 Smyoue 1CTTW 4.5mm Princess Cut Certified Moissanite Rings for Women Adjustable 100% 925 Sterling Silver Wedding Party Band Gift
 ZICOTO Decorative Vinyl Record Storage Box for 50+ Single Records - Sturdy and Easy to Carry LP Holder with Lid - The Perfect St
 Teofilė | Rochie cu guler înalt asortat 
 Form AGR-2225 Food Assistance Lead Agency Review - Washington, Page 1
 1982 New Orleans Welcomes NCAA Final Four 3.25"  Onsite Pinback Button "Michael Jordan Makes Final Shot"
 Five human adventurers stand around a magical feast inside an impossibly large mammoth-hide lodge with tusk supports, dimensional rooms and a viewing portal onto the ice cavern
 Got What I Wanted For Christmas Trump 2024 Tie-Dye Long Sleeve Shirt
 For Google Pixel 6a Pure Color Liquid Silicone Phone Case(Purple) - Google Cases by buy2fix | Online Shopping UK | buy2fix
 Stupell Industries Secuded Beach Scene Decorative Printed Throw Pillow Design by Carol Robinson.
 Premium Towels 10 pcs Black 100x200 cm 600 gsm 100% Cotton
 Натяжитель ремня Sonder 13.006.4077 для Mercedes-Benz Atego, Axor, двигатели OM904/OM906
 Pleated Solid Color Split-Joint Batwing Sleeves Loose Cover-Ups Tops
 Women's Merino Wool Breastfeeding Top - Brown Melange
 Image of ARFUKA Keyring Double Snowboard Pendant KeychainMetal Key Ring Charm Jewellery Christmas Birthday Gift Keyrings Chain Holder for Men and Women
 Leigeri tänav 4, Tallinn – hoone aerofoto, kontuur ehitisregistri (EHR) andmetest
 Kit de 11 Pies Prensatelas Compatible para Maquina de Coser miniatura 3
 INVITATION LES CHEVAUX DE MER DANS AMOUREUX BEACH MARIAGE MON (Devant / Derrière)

- [Problem statement]: Each record above should be set down again in its exact wording.

- [Task solution]:
 Smyoue 1CTTW 4.5mm Princess Cut Certified Moissanite Rings for Women Adjustable 100% 925 Sterling Silver Wedding Party Band Gift
 ZICOTO Decorative Vinyl Record Storage Box for 50+ Single Records - Sturdy and Easy to Carry LP Holder with Lid - The Perfect St
 Teofilė | Rochie cu guler înalt asortat 
 Form AGR-2225 Food Assistance Lead Agency Review - Washington, Page 1
 1982 New Orleans Welcomes NCAA Final Four 3.25"  Onsite Pinback Button "Michael Jordan Makes Final Shot"
 Five human adventurers stand around a magical feast inside an impossibly large mammoth-hide lodge with tusk supports, dimensional rooms and a viewing portal onto the ice cavern
 Got What I Wanted For Christmas Trump 2024 Tie-Dye Long Sleeve Shirt
 For Google Pixel 6a Pure Color Liquid Silicone Phone Case(Purple) - Google Cases by buy2fix | Online Shopping UK | buy2fix
 Stupell Industries Secuded Beach Scene Decorative Printed Throw Pillow Design by Carol Robinson.
 Premium Towels 10 pcs Black 100x200 cm 600 gsm 100% Cotton
 Натяжитель ремня Sonder 13.006.4077 для Mercedes-Benz Atego, Axor, двигатели OM904/OM906
 Pleated Solid Color Split-Joint Batwing Sleeves Loose Cover-Ups Tops
 Women's Merino Wool Breastfeeding Top - Brown Melange
 Image of ARFUKA Keyring Double Snowboard Pendant KeychainMetal Key Ring Charm Jewellery Christmas Birthday Gift Keyrings Chain Holder for Men and Women
 Leigeri tänav 4, Tallinn – hoone aerofoto, kontuur ehitisregistri (EHR) andmetest
 Kit de 11 Pies Prensatelas Compatible para Maquina de Coser miniatura 3
 INVITATION LES CHEVAUX DE MER DANS AMOUREUX BEACH MARIAGE MON (Devant / Derrière)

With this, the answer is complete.